Pattern_Score = true_matches / (true_matches + false_matches)
A Benchmark Suite
For these metrics to be useful, they need a standard corpus. A reasonable benchmark design:
| Category | Count | Purpose |
|---|---|---|
| Standard contracts (ERC20, ERC721, simple DeFi) | 100 | Baseline structural and semantic scores |
| Complex DeFi (lending, AMMs, yield aggregators) | 50 | Complex control flow, storage patterns |
| Adversarial contracts (obfuscated, unusual compiler output) | 50 | Robustness under adversarial conditions |
| Known-vulnerable historical contracts | 30 | Vulnerability detection recall |
| Multi-contract systems (proxies, diamonds) | 20 | Proxy resolution, cross-contract patterns |
Ground truth sources, in decreasing reliability:
- Verified source code from Etherscan — compile with original settings and verify the bytecode hash matches
- Manual annotation by experts — function boundaries, security issues
- Multi-decompiler consensus — where multiple tools agree, treat as ground truth (but handle carefully; systematic errors across tools will look like consensus)
Composite Score
S = w1 * Structural + w2 * Semantic + w3 * Security
Structural = 0.3 * FBA + 0.3 * CFG + 0.2 * Loop + 0.2 * Storage
Semantic = 0.4 * IO + 0.2 * Gas + 0.3 * State + 0.1 * Events
Security = 0.3 * VulnDetect + 0.3 * Taint + 0.2 * Pattern + 0.2 * Invariant
Suggested weights:
w1 = 0.25 (structural)
w2 = 0.25 (semantic)
w3 = 0.50 (security — most important for security-focused tools)
Known Hard Cases
Any benchmark should explicitly call out the categories where tools typically struggle:
Loop recovery. do-while loops and loops with multiple break/continue sites are harder to recover than simple while loops. Failure here typically produces working but less readable output.

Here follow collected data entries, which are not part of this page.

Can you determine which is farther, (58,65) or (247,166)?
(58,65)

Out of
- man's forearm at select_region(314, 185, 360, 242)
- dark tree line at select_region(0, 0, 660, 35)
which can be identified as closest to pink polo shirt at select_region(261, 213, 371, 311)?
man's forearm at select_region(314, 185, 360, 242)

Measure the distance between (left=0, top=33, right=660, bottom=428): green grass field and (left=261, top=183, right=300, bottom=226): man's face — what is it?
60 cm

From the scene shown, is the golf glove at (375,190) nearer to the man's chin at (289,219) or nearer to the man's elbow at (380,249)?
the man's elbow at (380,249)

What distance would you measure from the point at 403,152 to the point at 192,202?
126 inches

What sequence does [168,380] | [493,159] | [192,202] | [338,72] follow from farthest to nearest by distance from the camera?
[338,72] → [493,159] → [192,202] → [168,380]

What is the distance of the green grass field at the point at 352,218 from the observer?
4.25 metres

Obfuscated contracts. Contracts compiled with optimizer settings designed to produce unusual code, or hand-written assembly, drop scores significantly across all dimensions for most tools. This is an active research area.
Cross-contract invariants. Properties that span multiple contracts (e.g., a lending protocol’s invariant that total borrows don’t exceed total collateral requires reading state from multiple contracts) require cross-contract analysis, which most tools don’t fully support.
Layer 2 bytecode. Optimism, Arbitrum, and other L2s have EVM-compatible but not EVM-identical execution environments. Bytecode compiled for L2 deployment may include L2-specific precompile calls or opcodes. The benchmark should be extended to cover these.
“Accuracy” is a marketing term until you define what you’re measuring. The framework here — structural fidelity, semantic preservation, security utility — gives a three-dimensional view that’s useful for both tool development and tool selection. A decompiler might score well on structural fidelity (correct function boundaries, correct CFG) while having poor semantic preservation (reorders statements), which would show up immediately in the security utility scores even if manual inspection looked fine.
For security work, the F1 score on vulnerability detection is the number that matters most. Everything else is in service of that.